The controversial subject of net neutrality first became a hot topic earlier this year, after a federal court ruled in favor of broadband companies, allowing them to make deals with content providers, who would pay for faster internet connections. Since then, The FCC’S been trying to come up with new internet regulations. On Thursday, the FCC presented a proposal for new rules that would dictate how broadband companies are allowed to treat cyber traffic. This critical piece of prospective regulation has drawn the attention of the world’s largest companies and a wide range of politicians.

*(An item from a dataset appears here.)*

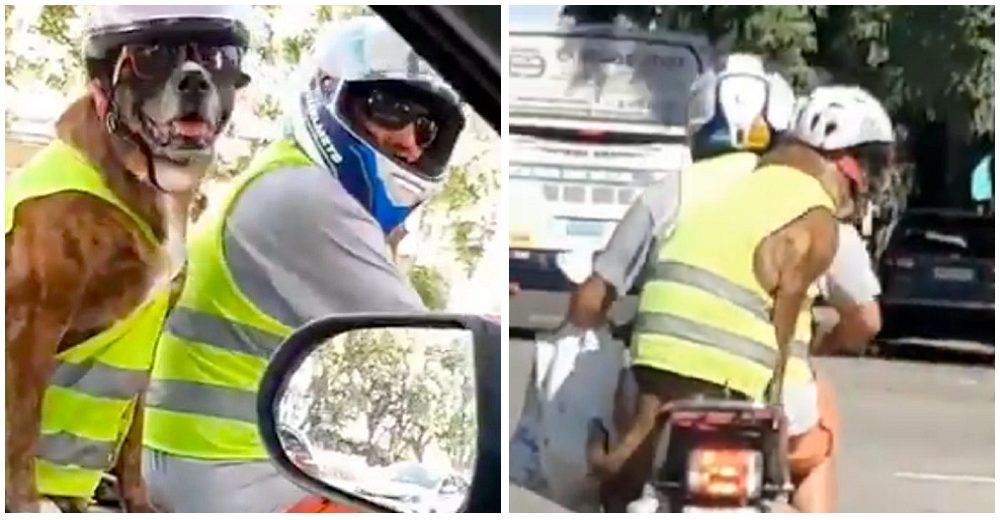 Señalan al dueño del perro bóxer que viaja en motocicleta con su casco, lentes y chaleco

People who are pro net neutrality want Internet service providers to treat all Internet traffic equally, and they fear that the new rules proposed by the FCC will end up allowing companies to make deals and give special treatment by providing faster internet to those who are willing to pay for it. However, the FCC’S current proposal also asks for public opinion on the idea of reclassifying the internet at a public utility, like water and electricity. President Obama is an advocate for net neutrality, but his critics hate him evermore, because if the internet is reclassified as a utility, then there would inevitably be lots of new rules placed on broadband companies, like Verizon and Comcast. This would be a HUGE change to an industry that has never had to adhere to much oversight whatsoever in the past.

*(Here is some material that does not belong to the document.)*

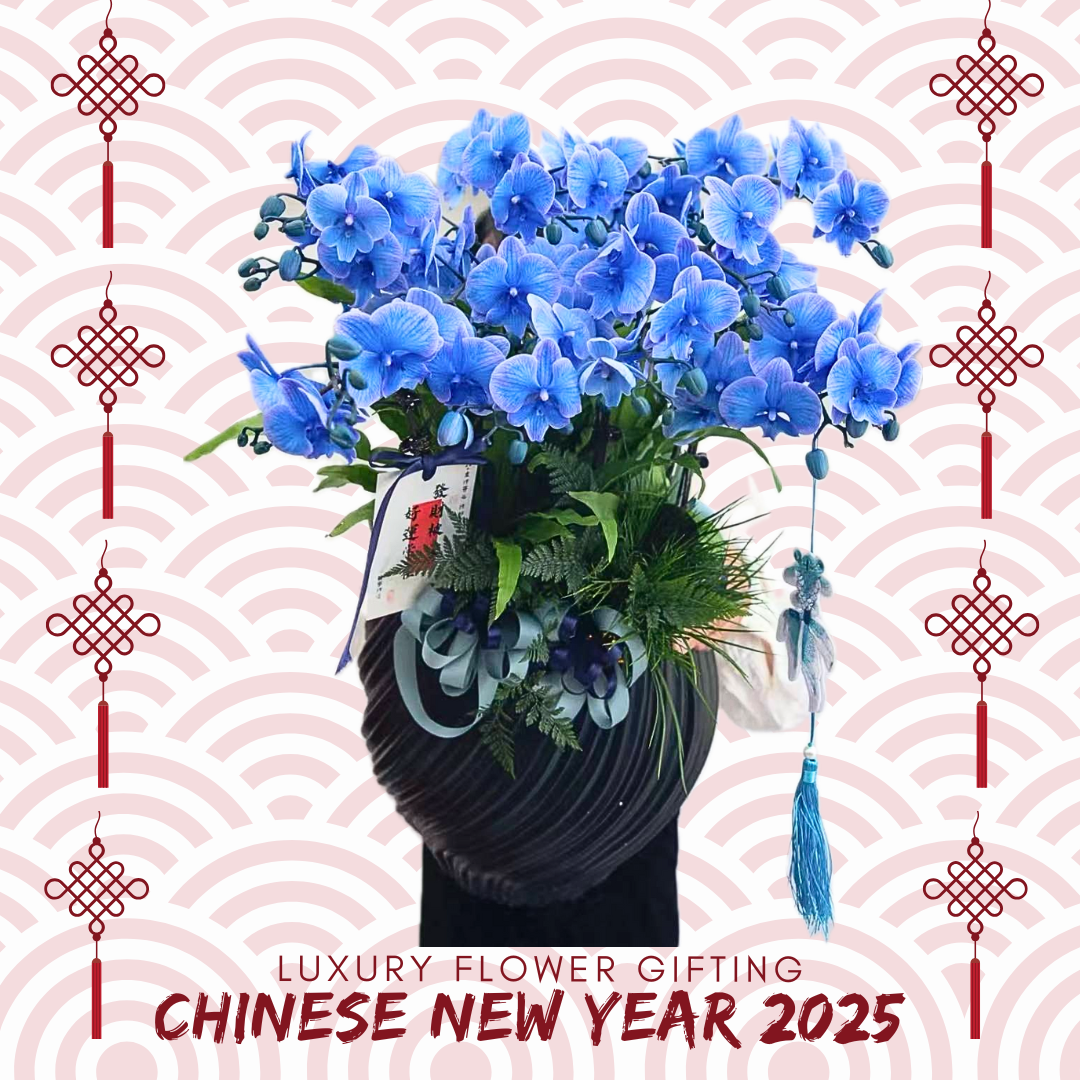 新年蝴蝶蘭M17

Meanwhile, nothing is absolute yet. The FCC has set up an allotted time for public commentary on the proposal, and so the FCC will be listening to businesses on both sides of this industry, as well as advocates, lobbyists, brain trusts and (of course) politicians in the coming months. The FCC isn’t expected to vote on a final set of rules until later this year. While I do think there needs to be some form of new policy in regards to broadband providers and the content they stream for consumers, there are still substantial legal questions in regards to the FCC’s hybrid plan and reclassification plan. As a business broker, I work with two parties of differing interests. I take the various components of the business negotiation, assessing them in such a way as to find an equilibrium by which both the buyer and the seller are able to reach a deal I then close on. While President Obama has made it publicly clear he is an advocate for net neutrality, the FCC has been letting the situation buffer, while everyone else is spinning their wheels and weighing the costs and effects of the various ways this issue could go.

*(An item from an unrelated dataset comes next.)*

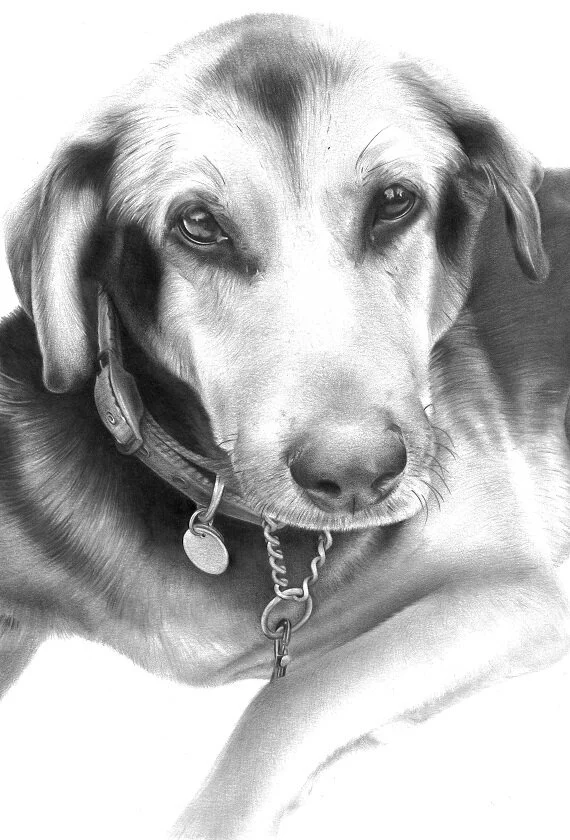 'Ruby' Print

In my award winning and best-selling book, Sell Your Business For More Than It’s Worth, the process of due diligence in the sale of a business is described as a very delicate process composed of numerous factors requiring tedious attention to detail. I never rush this process, and yet I am always sure to keep my clients focused on their objective so that the process never becomes stagnant. I am concerned that the FCC will hit multiple political obstacles in this similar instance that will end up obstructing their capabilities to implement a solid and reliable new policy that is legally sound. While the FCC estimates to have a new policy voted in this year, I think this is way too soon, and that the general public should have more power in how the FCC goes about making their final decision. Ultimately, this is about the general public and I am concerned for small business owners. The two companies at war are multi-billion dollar corporations. They are very rich, and while they are always after ways to save and make more of the same money they already have a lot of, this decision will really be effecting the consumer. Lastly, this is about the future of the Internet and who holds the keys; meaning, this is about power. I think it is a bad idea to give more power to corporations who are already extremely powerful.
The reclassification and hybrid approaches proposed by the FCC raise substantive legal questions. Though the finalization of these new rules probably won’t be out until next year, they will nevertheless decide how often and on what sites you will inevitably end up using. Your preferences will be limited to sites that actually buffer and load content at an acceptable rate. Likewise, if broadband companies devise internet speed plans, then the newest addition to the hundreds of ways new businesses must overcome or else fail would be the need to have speed in the digital arena of their company.

All opinions expressed on USDR are those of the author and not necessarily those of US Daily Review.